### [MATERIAL SUPPLIED]
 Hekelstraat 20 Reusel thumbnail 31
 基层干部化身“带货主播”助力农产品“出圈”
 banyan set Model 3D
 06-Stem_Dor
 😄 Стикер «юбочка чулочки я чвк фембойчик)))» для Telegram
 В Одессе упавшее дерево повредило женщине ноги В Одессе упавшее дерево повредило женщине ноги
...
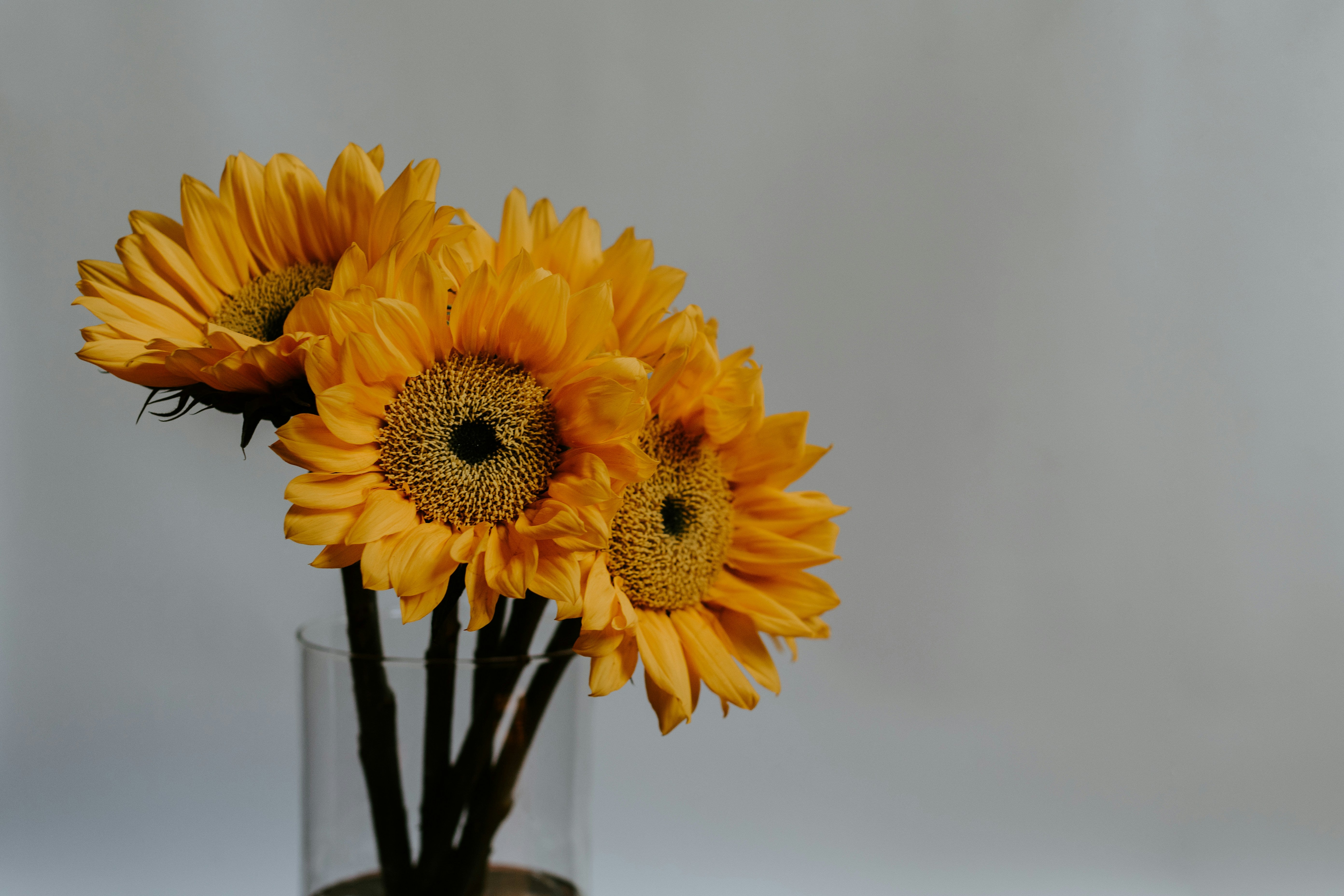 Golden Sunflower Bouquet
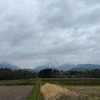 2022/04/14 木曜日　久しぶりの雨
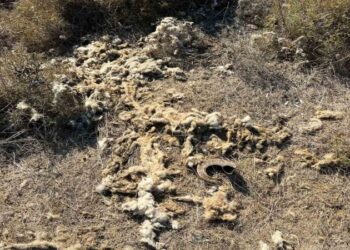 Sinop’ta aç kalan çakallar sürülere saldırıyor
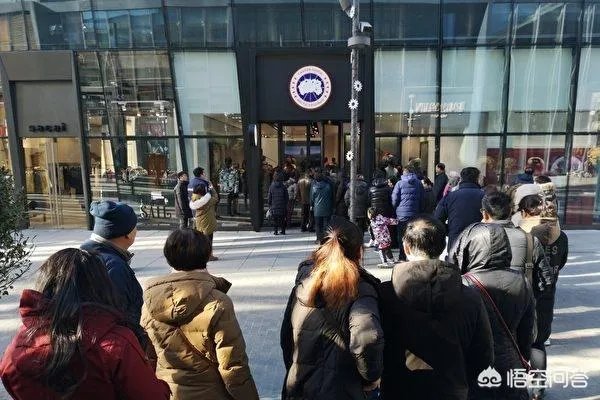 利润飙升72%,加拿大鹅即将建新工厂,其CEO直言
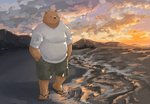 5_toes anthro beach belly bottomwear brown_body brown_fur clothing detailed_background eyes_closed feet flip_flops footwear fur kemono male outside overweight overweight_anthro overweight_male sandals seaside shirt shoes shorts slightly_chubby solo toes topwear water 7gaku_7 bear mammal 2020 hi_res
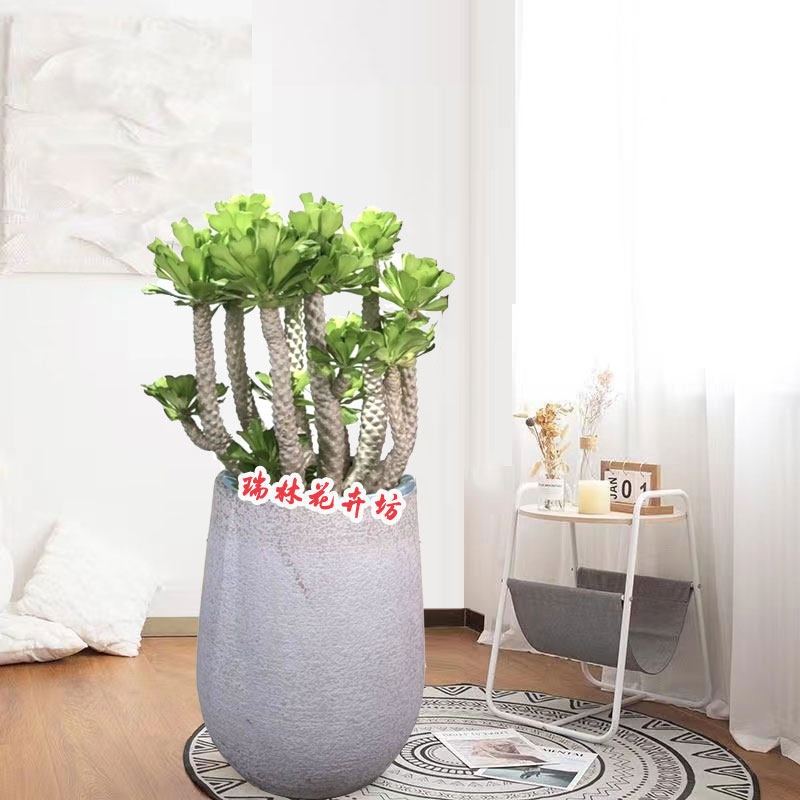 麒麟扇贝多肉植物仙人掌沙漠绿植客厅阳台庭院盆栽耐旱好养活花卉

### [PROBLEM]
For this task, write out exactly the lines of the entries above, starting at the line with "06-Stem_Dor" and ending at the line with "В Одессе упавшее дерево повредило женщине ноги В", both included, and no others.

### [WRITTEN SOLUTION]
 06-Stem_Dor
 😄 Стикер «юбочка чулочки я чвк фембойчик)))» для Telegram
 В Одессе упавшее дерево повредило женщине ноги В Одессе упавшее дерево повредило женщине ноги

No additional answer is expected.